▶ **Task**
Every line of the entries below from the one containing "Banya Chair" to the one containing "Rozvaděč WEIDMÜLLER Svorka", both ends included, must be written out exactly. No other line belongs in the answer.

▶ **Available records**
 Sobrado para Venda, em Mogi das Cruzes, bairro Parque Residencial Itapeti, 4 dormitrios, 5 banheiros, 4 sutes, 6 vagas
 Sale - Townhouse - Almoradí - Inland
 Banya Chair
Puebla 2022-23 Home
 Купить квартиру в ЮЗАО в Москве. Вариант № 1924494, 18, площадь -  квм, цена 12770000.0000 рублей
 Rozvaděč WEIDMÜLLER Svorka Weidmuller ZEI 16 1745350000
==
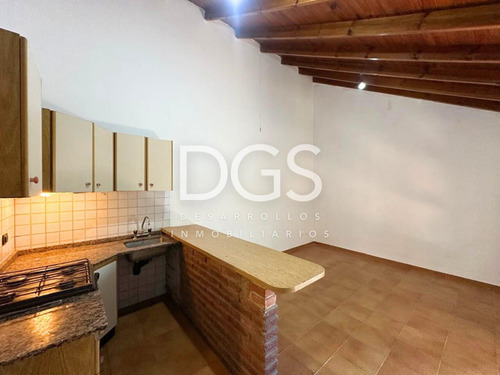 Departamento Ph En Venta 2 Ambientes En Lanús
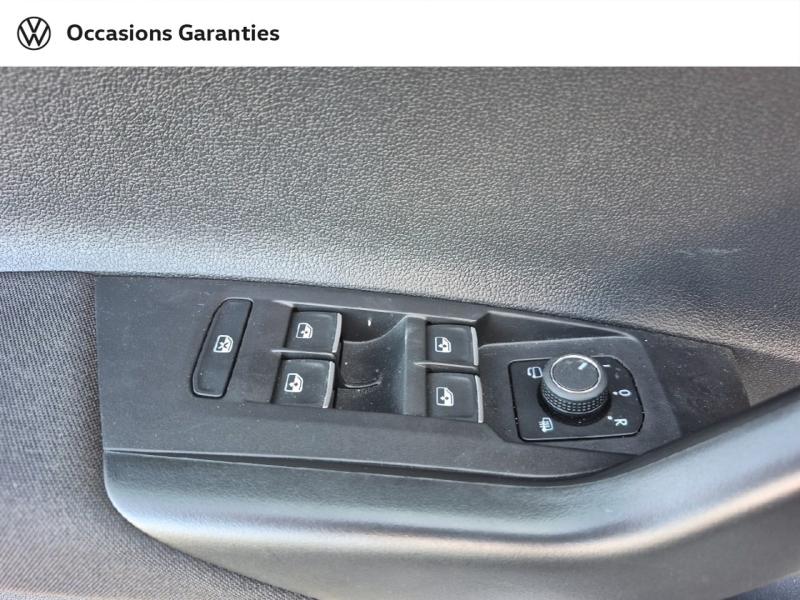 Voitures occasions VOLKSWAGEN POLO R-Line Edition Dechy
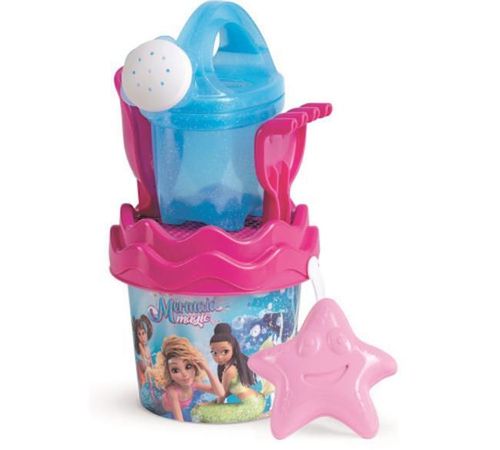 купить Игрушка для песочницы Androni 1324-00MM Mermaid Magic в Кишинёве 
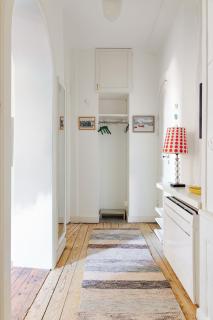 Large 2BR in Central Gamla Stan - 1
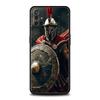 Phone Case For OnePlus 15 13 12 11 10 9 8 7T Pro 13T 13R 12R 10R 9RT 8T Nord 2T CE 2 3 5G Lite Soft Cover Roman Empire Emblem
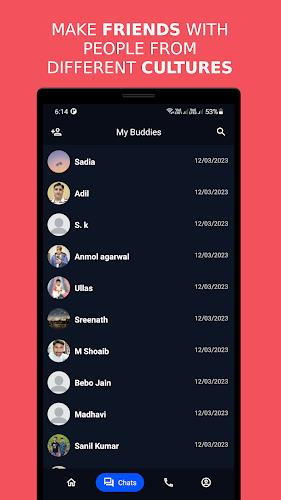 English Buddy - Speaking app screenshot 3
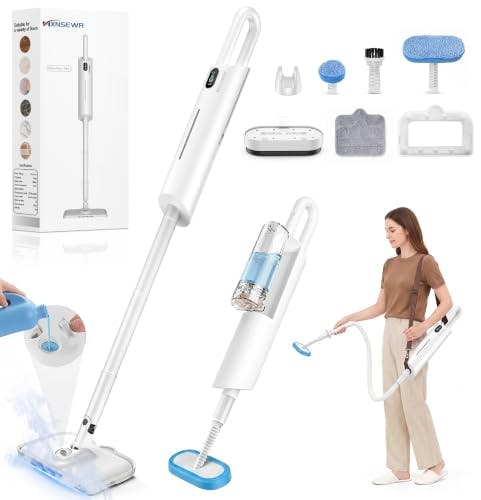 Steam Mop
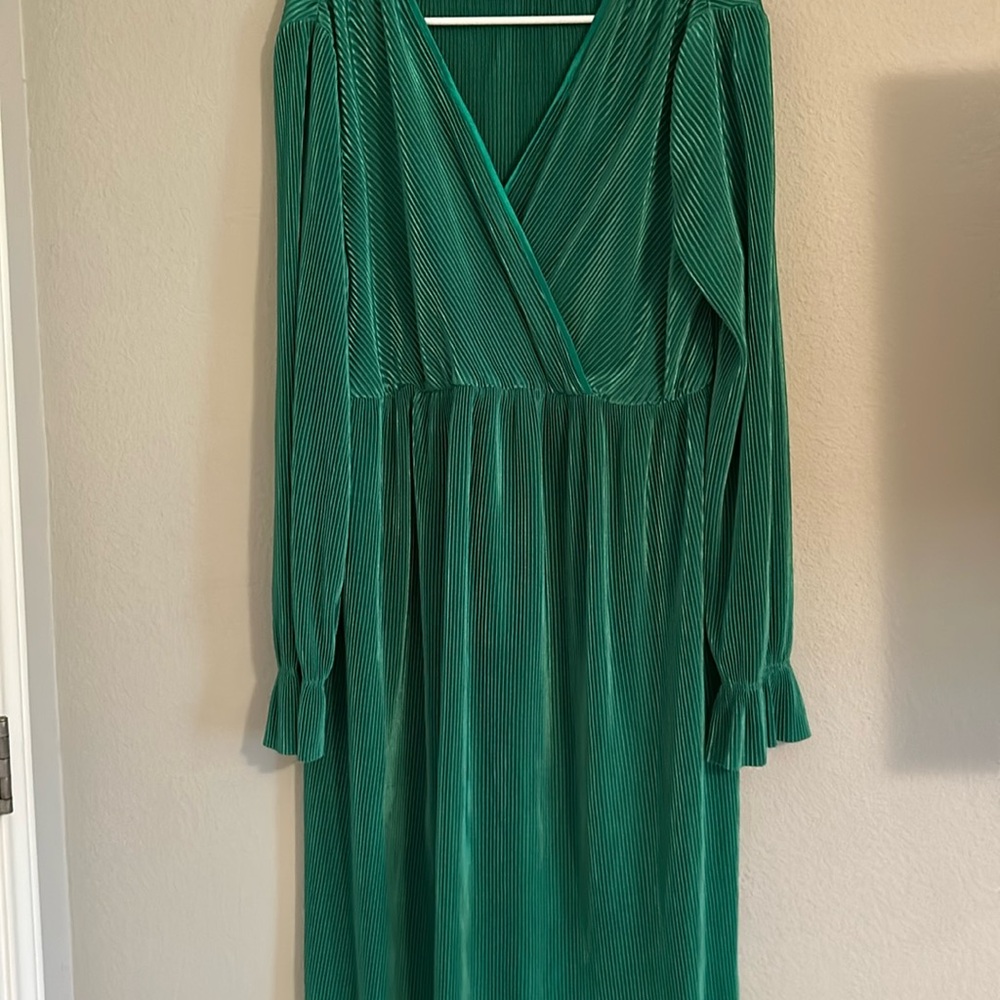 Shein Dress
--
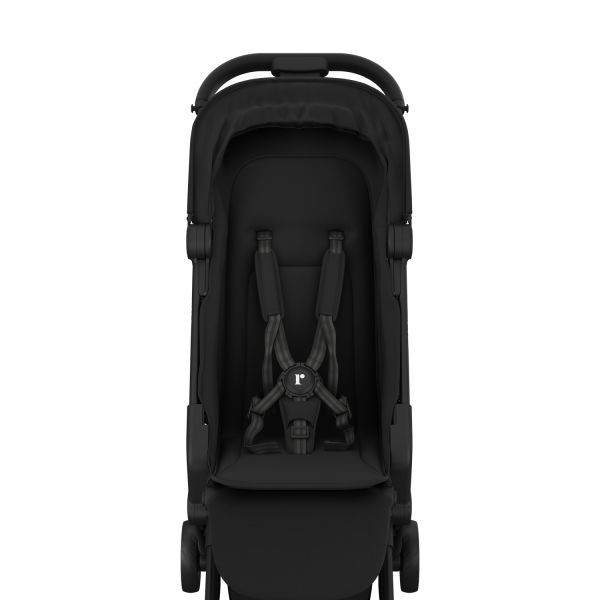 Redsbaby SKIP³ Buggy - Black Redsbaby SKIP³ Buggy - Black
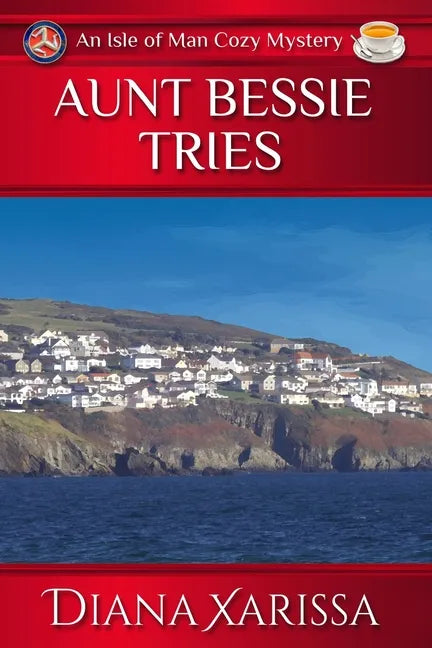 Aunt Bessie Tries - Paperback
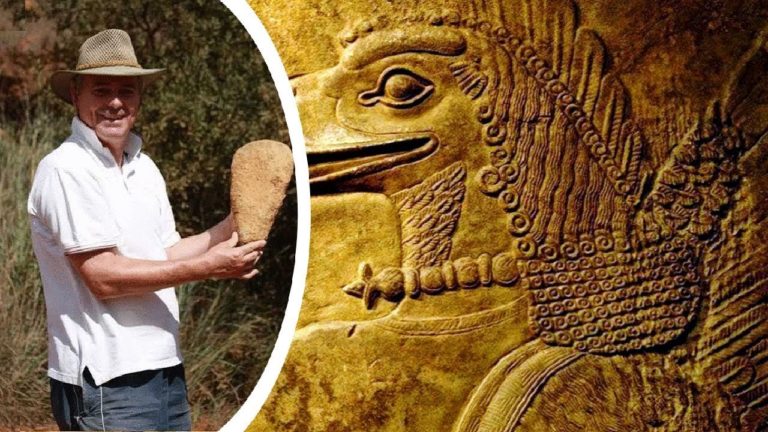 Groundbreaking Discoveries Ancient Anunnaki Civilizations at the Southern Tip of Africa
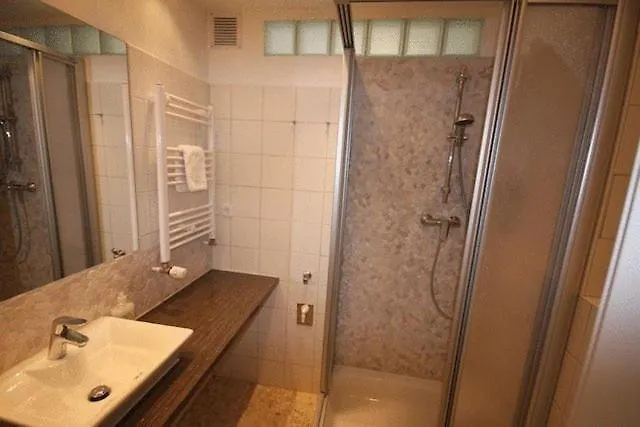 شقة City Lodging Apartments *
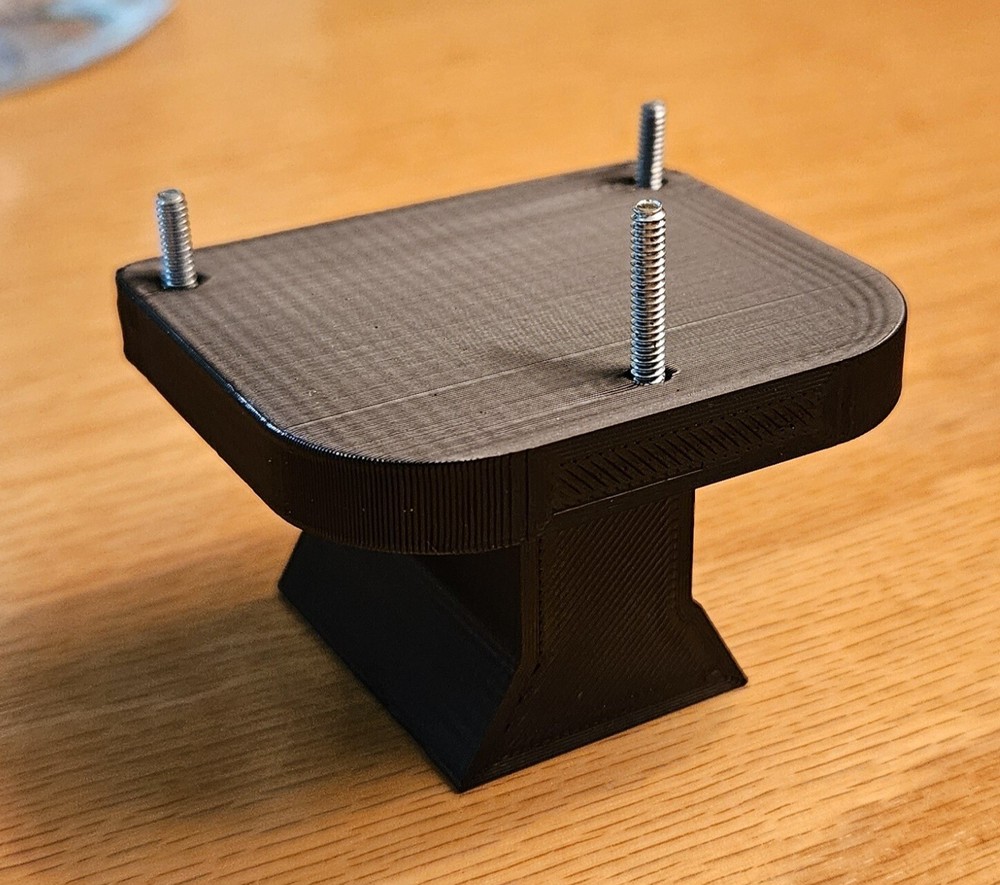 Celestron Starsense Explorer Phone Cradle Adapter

▶ **The completed task**
 Banya Chair
Puebla 2022-23 Home
 Купить квартиру в ЮЗАО в Москве. Вариант № 1924494, 18, площадь -  квм, цена 12770000.0000 рублей
 Rozvaděč WEIDMÜLLER Svorka Weidmuller ZEI 16 1745350000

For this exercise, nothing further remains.